BRIEF: From the first line of the entries below through the line holding "Looking at the", write out every line exactly, please, and leave out the pictures.

————————

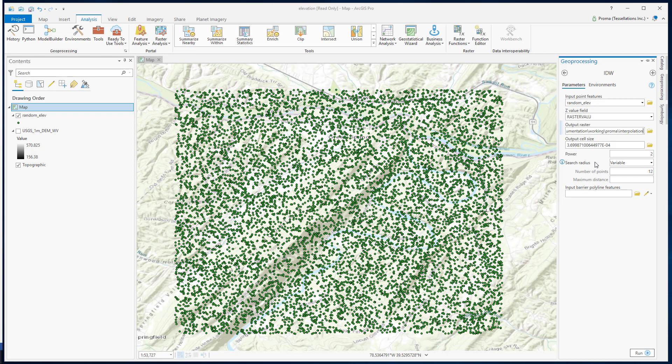Next is radius. We can keep it variable or fixed. If there are more than one input points nearby with a fixed radius, it will decide which ones to consider to determine the value. If we select variable, you can specify the number of points to use. For power and radius, there is no rule — usually I go with the default first, and what would be best varies from case to case.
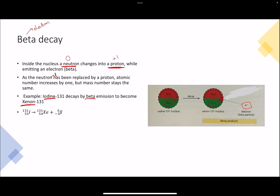Looking at the equation: the proton number was 53 to begin with, and now there is one more proton, so it will be 54. Charge is conserved, so if there is a positive 53 on the left-hand side, it should also turn out to be 53 on the right-hand side. We write minus 1 as the charge on the beta particle on the right-hand side. So 54 minus 1 turns out to be 53 — the bottom numbers are conserved on both sides.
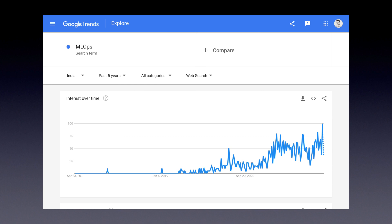If I show you how popular MLOps is becoming, here is a chart of Google Trends for the keyword MLOps. Before 2018, before the term was coined, there was literally no buzz about this word MLOps. But after 2018, the word has caught on and you can see the total amount of searches happening for MLOps.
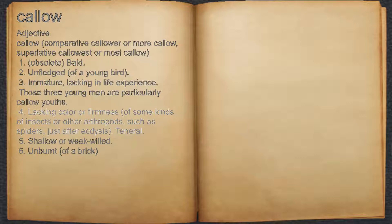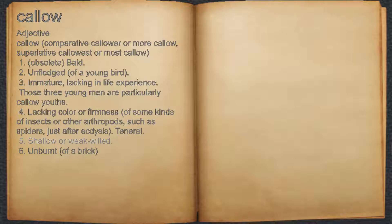4. Lacking color or firmness, of some kinds of insects or other arthropods, such as spiders, just after ecdysis. Teneral. 5. Shallow or weak-willed. 6. Unburnt, of a brick.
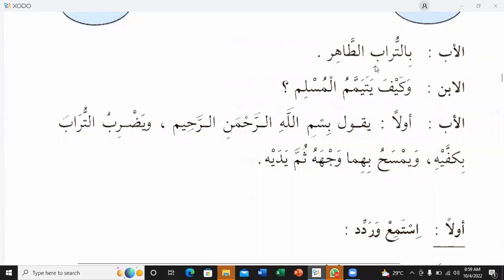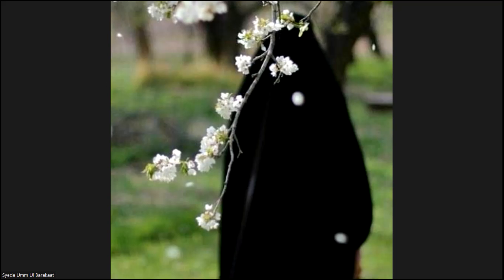Our class time is over. Remember me in your prayers, take care. Assalamu alaikum warahmatullahi wabarakatuh, and I'll see you.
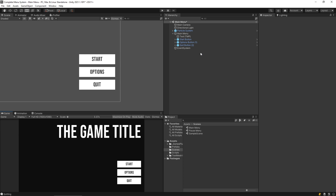That's the basics of our main menu working — very simple and easy. The next thing we'll do is make the options screen work. Thanks for watching; I'll be back soon with the next part where we'll look at creating the options menu. Hit that like button, leave comments if you're enjoying the series, and subscribe to keep it going. See you soon!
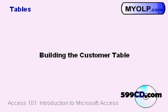In the last lesson, we set up our blank database. Now, in this lesson, we're going to build a customer table.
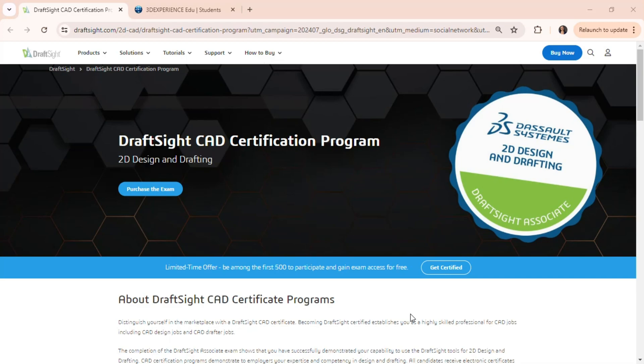First, head over to the DraftSite website. Just go there and find the Get Certified button. Click on it and get ready for something incredible.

————————

RESPONSE TO THE TASK:
Next is radius. We can keep it variable or fixed. If there are more than one input points nearby with a fixed radius, it will decide which ones to consider to determine the value. If we select variable, you can specify the number of points to use. For power and radius, there is no rule — usually I go with the default first, and what would be best varies from case to case.
Looking at the equation: the proton number was 53 to begin with, and now there is one more proton, so it will be 54. Charge is conserved, so if there is a positive 53 on the left-hand side, it should also turn out to be 53 on the right-hand side. We write minus 1 as the charge on the beta particle on the right-hand side. So 54 minus 1 turns out to be 53 — the bottom numbers are conserved on both sides.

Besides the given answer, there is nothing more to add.